With Glacier Select, you can specify all items in an expression with SELECT *, or specify columns using a positional header and the WHERE filter. You can also specify name headers as well. Use these SQL filters to retrieve only a portion of an object.

Row-level SQL expressions are support such as +,</>, LIKE, AND/OR, ISNULL, STRING, CASE, COUNT, MAX. For full SQL capabilities including joins and windowing, tools such as Amazon Athena should be subsequently employed.

_images/sqls.png

SQL expressions supported by Amazon Glacier

SQL Reference for Amazon S3 Select and S3 Glacier Select

Amazon S3 Glacier API Permissions: Actions, Resources, and Conditions Reference

3.2.6.4.4. How Amazon Glacier Select works

Glacier Select works when initiate a request job with the SQL parameters you specify. When the job request is received, Glacier returns an acknowledgment ID 200 to indicate that the request was received successfully. Glacier then processes the request ad writes the output to a S3 bucket with the specified prefix in the job request. SNS sends a notification to alert you when the job is complete.

_images/select_works.png

How Amazon Glacier Select works

3.2.6.4.5. Pricing model

Glacier Select pricing depends on the retrieval option you specify in your retrieval request job. You can specify standard, expedited, or bulk in your expression. The pricing for Glacier Select falls into 3 categories for each retrieval option: Data Scanned, Data Returned, and Request.

Data Scanned is the size of the object that the SQL statement is run against. Data Returned is the data that returns as the result of your SQL query. Request is based on the initiation of the retrieval request.

3.3. Amazon EBS

3.3.1. Overview

EBS is block storage as a service. With an API call, you create an EBS volume, which is a configurable amount of raw block storage with configurable performance characteristics. With another API call, you can attacj a volume to an EC2 instance when you need access to that data. Access to the volume os over the network. Once attached, you can create a file system on top of a volume, run a database on it, or use it in any other way you would use block storage.
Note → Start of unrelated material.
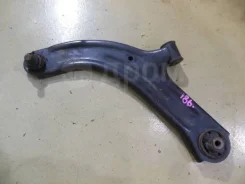 ����� Nissan Note 54501AX00A BGZ11, �������� ����� 54501AX00A ����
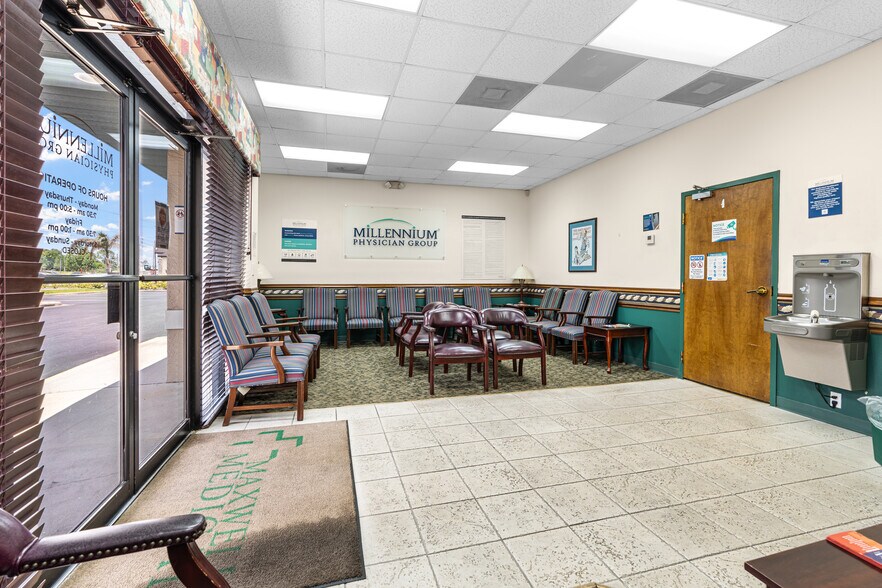 More Photos Of 4020 US 27, Sebring Healthcare For Sale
An EBS volume is not a single physical disk. It is a logical volume. EBS is a distributed system an each EBS volume is made up of multiple, physical devices. By distributing a volume across many devices EBS provides added performance and durability that you can’t get from a single disk device.

EBS volumes are created in a specific AZ, and can then be attached to any instances in that same AZ. To make a volume available outside of the AZ, you can create a snapshot and restore that snapshot to a new volume anywhere in that region.
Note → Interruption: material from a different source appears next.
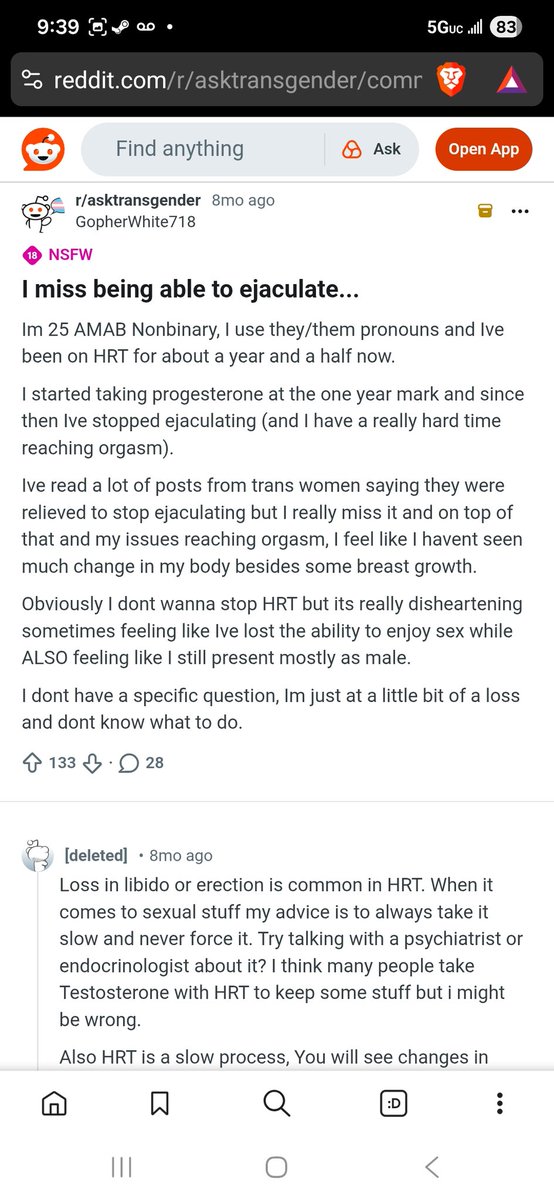 zacha apacka niv tweet media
Data on an EBS volume persists independently from the life of an EC2 instance. As a result, you can detach your volume from one instance and attach it to another instance in the same AZ as the volume. If an EC2 instance fails, EBS storage persists independently from the EC2 instance. Because the system has failed, and has not been terminated by calling an PI, the volume is still available. In this case, you can re-attach the EBS volume to a new EC2 instance.

An EBS volume can be attached to only one instance at a time, but many volumes can attach to a single instance. For example, you might separate boot volume from application-specific data volumes.
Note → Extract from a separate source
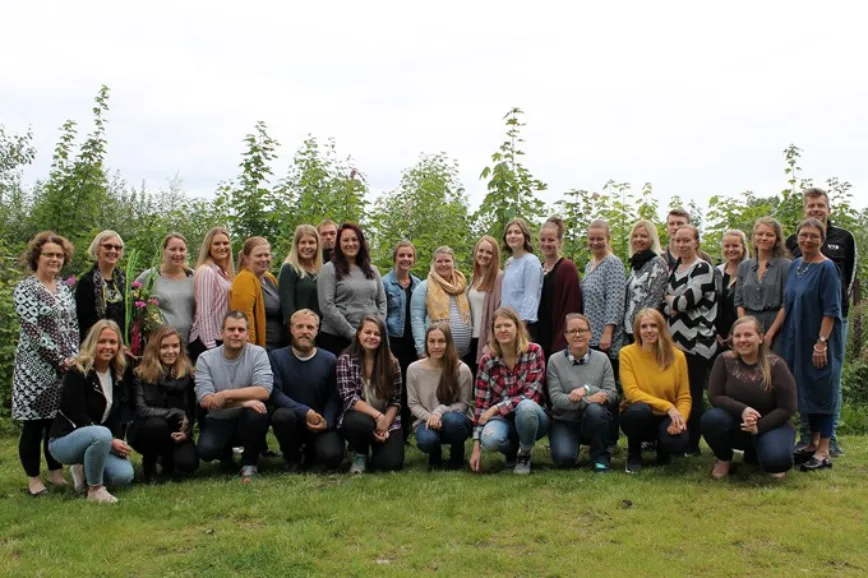master_spesialpedagogikk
EBS is designed to give a high level of volume availability and durability. Each volume is designed for five 9s of service availability. That’s an average down time of about 5 minutes per year. For durability, the Annualized Failure Rate (AFR) is between 0.1% and 0.2%, nearly 20 times more reliable than a typical HDD at 4% AFR. To recover from a volume failure, you can use EBS to create snapshots of volumes, which are point-in-time copies of your data that is stored in S3 buckets.

3.3.1.1. Block storage offerings

AWS addresses the block storage market in 3 categories to align with different customer workloads:

  • EC2 instance store provides SSD and HDD-based local instance store that targets high IOPS workloads that require low microsecond latency.
  • EBS SSD storage offers General Purpose (gp2) and Provisioned IOPS (io1) volume types.
  • EBS HDD storage offers Throughput Optimized (st1) and Cold HDD (sc1) volume types.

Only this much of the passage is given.